My Response to Mihály Ficsor

Dear Mihály:

Thank you very much indeed for taking the time to respond so fully and so quickly to my post from yesterday when you are so busy and en route to Rio.

My points were not “ad hominem”. Indeed, in your case, I would be much more inclined to be on the “pro hominem” side. This is because I have known you for so long (at least 25 years) as a passionate defender of your very carefully researched positions, and as a man of unbelievable energy and extraordinary accomplishment.

Indeed, you were the catalyst and your writings were the main reason why I personally fought a very interesting and potentially very important court case in my own name at enormous expense in terms of my own time and that of my firm and another very fine law firm, over the refusal of a Canadian Parliamentary Committee to let me provide it with useful written documents on national treatment and private copying levies.

The most important document by far was a substantial excerpt (I assure you, however, that it was “fair dealing”) from your still indispensable 2002 book on “The Law of Copyright and the Internet” published by Oxford University Press - which can be purchased here.

The reason that the Committee refused to accept your material was, incredibly, that it was not in both English and French. And I had naively thought that Canada is a bilingual country - especially in our Parliament! The Committee, and later the Courts, however, took the view that “either” official language means “both” official languages and that the word “use” means the right to speak orally but not in writing. See here and here.

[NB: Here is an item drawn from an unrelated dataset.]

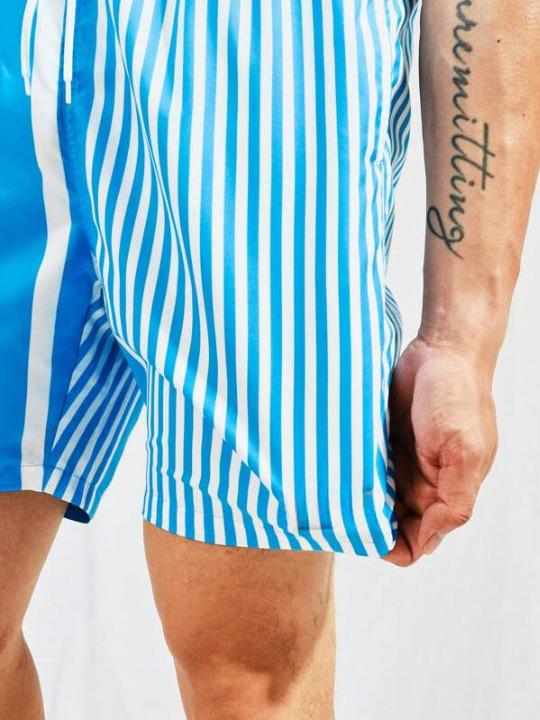 Vertical Striped Print Beach Shorts-Waves And Trunks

Unfortunately, I did not succeed in getting the Supreme Court of Canada to hear this case, which many believe was wrongly decided. My belaboured point here is that I not only would - but did - go to extraordinary lengths to get Canadian policy makers to consider your opinions.

As for the “lobbying” issue, I was certainly was not suggesting that you are or ever have been a “lobbyist” yourself. Indeed, there is nothing wrong with being a “lobbyist”. In fact, as they say, “some of my best friends are lobbyists”. I have the highest regard for Eric and Steve - even though I strongly disagree with them about their views on Canada and “Special 301" and have a hard time resisting any opportunity to say so, as my blog shows over the years, including yesterday. I’ve had a very civilized and public debate with Steve over this at Fordham. They are both real gentlemen and quite brilliant. That does not mean, however, that one cannot disagree with what they say.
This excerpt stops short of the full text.